# Requirements for Top Landing:  Outside Patio Door Exiting to Yard



## steve.mccooper (Aug 15, 2021)

Scenario: 12' x 24' one-level cement patio, one half of which is covered and has screened walls, the other half is open to the weather. There are two 36"wide access doors for the screened-in area, each on a different wall. Neither door has a threshold. The is no direct access from the dwelling into the screened-in area; one must leave the dwelling onto the open area of the patio, then enter the screened-in area through one of the two doors. Door #1 opens outward onto the 12' x 12' open area of the patio. Door #2 opens outward to the yard, the yard being about 21" lower than the patio surface. The existing 48" wide steps (side-to-side) that connect Door #2 to the yard have three 7" risers and two 12" direction-of-travel treads. The top tread is one step down from the patio level. In this arrangement, Door #2 opens out over the steps. The configuration has been in place probably since the 1960's. Door #2 is rarely used, perhaps 1x per week at best. I recently ran across a mention of landing requirements at the top of stairs. Looking into it deeper online, there's much content that says a door opening to stairs with greater than qty 2 risers must have at least a 36" landing in the direction of travel with a width that's at least as wide as the door. Much of the content is associated with Means of Egress from e.g. bedrooms, basements, apartments, occupied buildings, day care centers, public stairways. There appears to be a few exceptions for screen or storm doors, but nothing I could say was directly applicable. I recognize the benefits of the larger landing, however I would prefer not to face the expense of replacing the existing concrete & bluestone steps which are in great shape and quite robust. Is it OK per code for the door to open over the existing steps given the scenario described above?


----------



## cda (Aug 15, 2021)

Welcome,,,

Might be ok, till someone gets hurt?

So why is the question coming up know???

How long have you owned the house?


----------



## steve.mccooper (Aug 15, 2021)

cda said:


> Welcome,,,
> 
> Might be ok, till someone gets hurt?
> 
> ...


Hello cda,

Thanks for the response.  I happen to have run across a mention of this requirement just in general reading.  I have a curiosity for new building techniques, materials and associated updated codes/recommendations to reflect engineering advances.  It made me think of situations where this may apply.  I've been using the steps as-is for over 25 years and never thought much about it.  They're well lit.  The ground is level and stable; plenty of room to allow the door to swing open.  No unique or hidden features/hazards.  The door opens and closes smoothly.    Exceptional visibility entering and exiting.  I'm all for safety and have made upgrades throughout the years that exceeded code requirements.  Perhaps some day I'll construct a wide landing for the stairs that I described in my OP, but as a start, I'm interested in what the code dictates.


----------



## cda (Aug 15, 2021)

steve.mccooper said:


> Hello cda,
> 
> Thanks for the response.  I happen to have run across a mention of this requirement just in general reading.  I have a curiosity for new building techniques, materials and associated updated codes/recommendations to reflect engineering advances.  It made me think of situations where this may apply.  I've been using the steps as-is for over 25 years and never thought much about it.  They're well lit.  The ground is level and stable; plenty of room to allow the door to swing open.  No unique or hidden features/hazards.  The door opens and closes smoothly.    Exceptional visibility entering and exiting.  I'm all for safety and have made upgrades throughout the years that exceeded code requirements.  Perhaps some day I'll construct a wide landing for the stairs that I described in my OP, but as a start, I'm interested in what the code dictates.



Sounds good

Give it a few days for replies


----------



## steveray (Aug 16, 2021)

A landing is required by current code if you were to "rebuild".....CT did not have a Statewide code until 1971....Your Town may have had a code before that, so that would be where to start, but not likely a violation and allowed to remain...
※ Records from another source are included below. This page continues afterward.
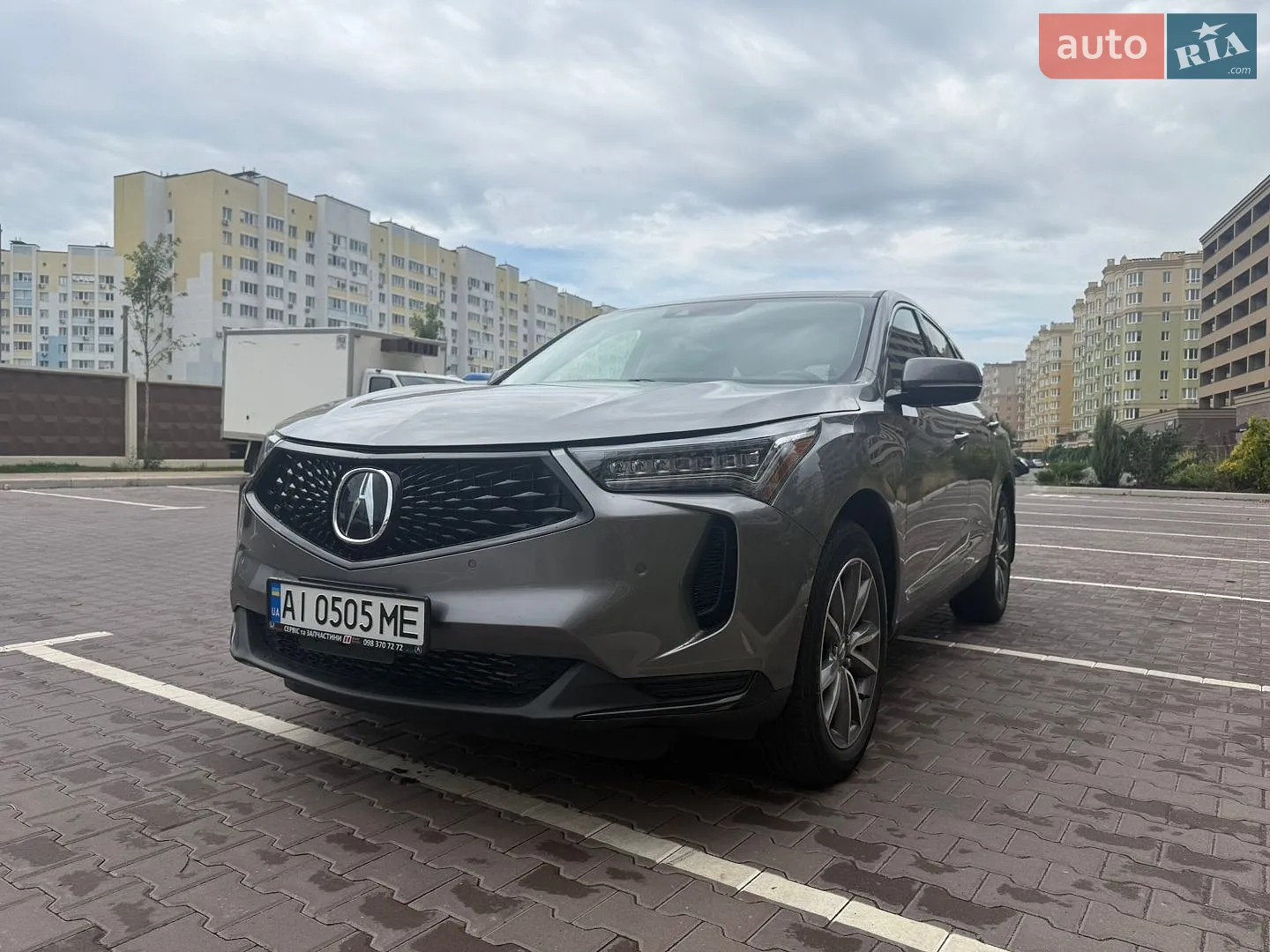 Acura RDX, 2023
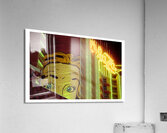 Plaza Glow Acrylic Print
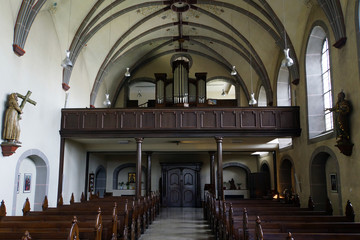 Ursulinenkloster auf dem Calvarienberg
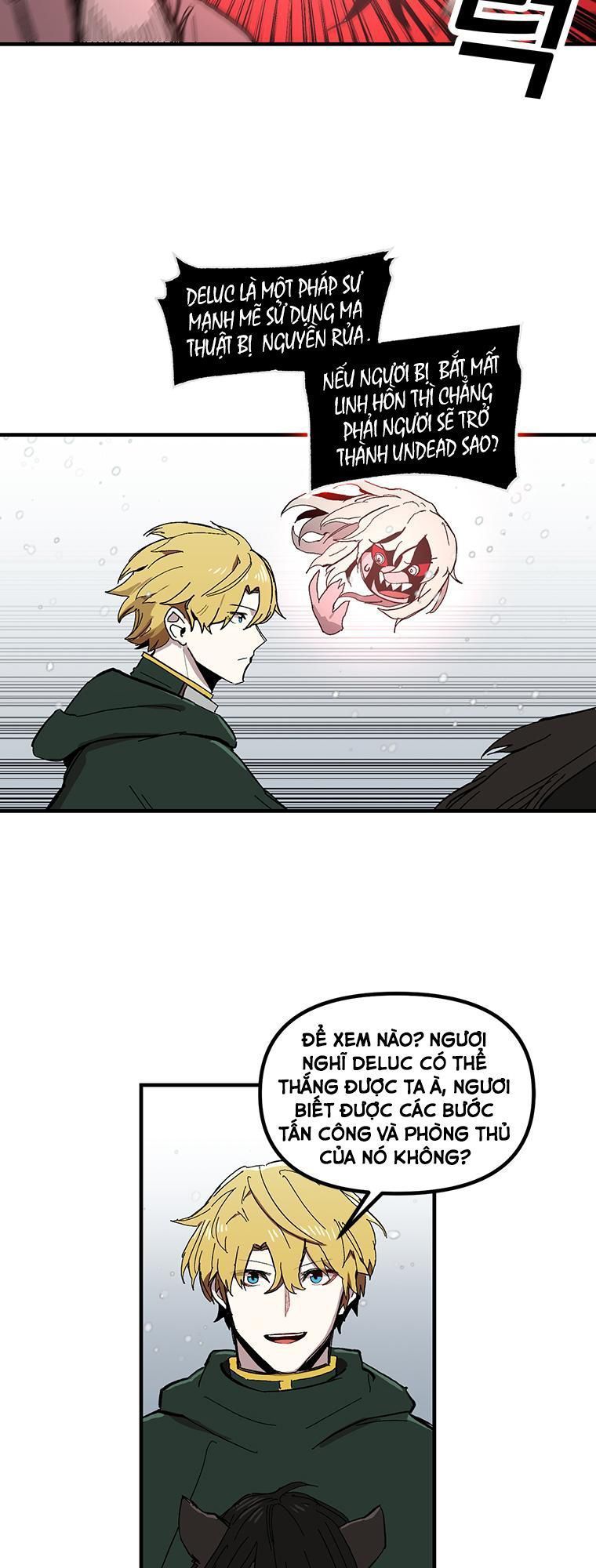 Người Chơi Lỗi Chapter 11 - 16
(Amd) R102.7 Existing structures. The legal occupancy of any building or structure existing on
the date of adoption of this code shall be permitted to continue without change, except as
specifically covered in this code.

(Amd) R110.1 Use and occupancy. Pursuant to subsection (a) of section 29-265 of the
Connecticut General Statutes, no building or structure erected or altered in any municipality after
October 1, 1970, shall be occupied or used, in whole or in part, until a certificate of occupancy
has been issued by the building official, certifying that such building, structure or work performed
pursuant to the building permit substantially complies with the provisions of this code. Nothing in
the code shall require the removal, alteration or abandonment of, or prevent the continuance of
the use and occupancy of, any single-family dwelling but within six years of the date of occupancy
of such dwelling after substantial completion of construction of, alteration to or addition to such
dwelling, or of a building lawfully existing on October 1, 1945, except as may be necessary for
the safety of life or property. The use of a building or premises shall not be deemed to have
changed because of a temporary vacancy or change of ownership or tenancy.
Exceptions:
1. Work for which a certificate of approval is issued in accordance with Section R110.9.
2. A certificate of occupancy is not required for work exempt from permit requirements under
Section R105.2.


----------



## Paul Sweet (Aug 16, 2021)

​IRC R311.3.3 allows storm & screen doors to swing out over exterior stairs.


----------



## steve.mccooper (Aug 30, 2021)

To Paul Sweet and steveray:  Thanks for taking time to review my question and provide responses.  I checked with the town (motivated by steveray) and they confirmed that IRC R311.3.3 (provided by Paul Sweet) applies in my situation.  Having specific code information was quite helpful to zero in on a conclusion for my scenario.  Best Regards, steve.mccooper


----------



## ADAguy (Aug 30, 2021)

Comes down to risk management and how large a party you hold.
Ask your property insurance carrier.


----------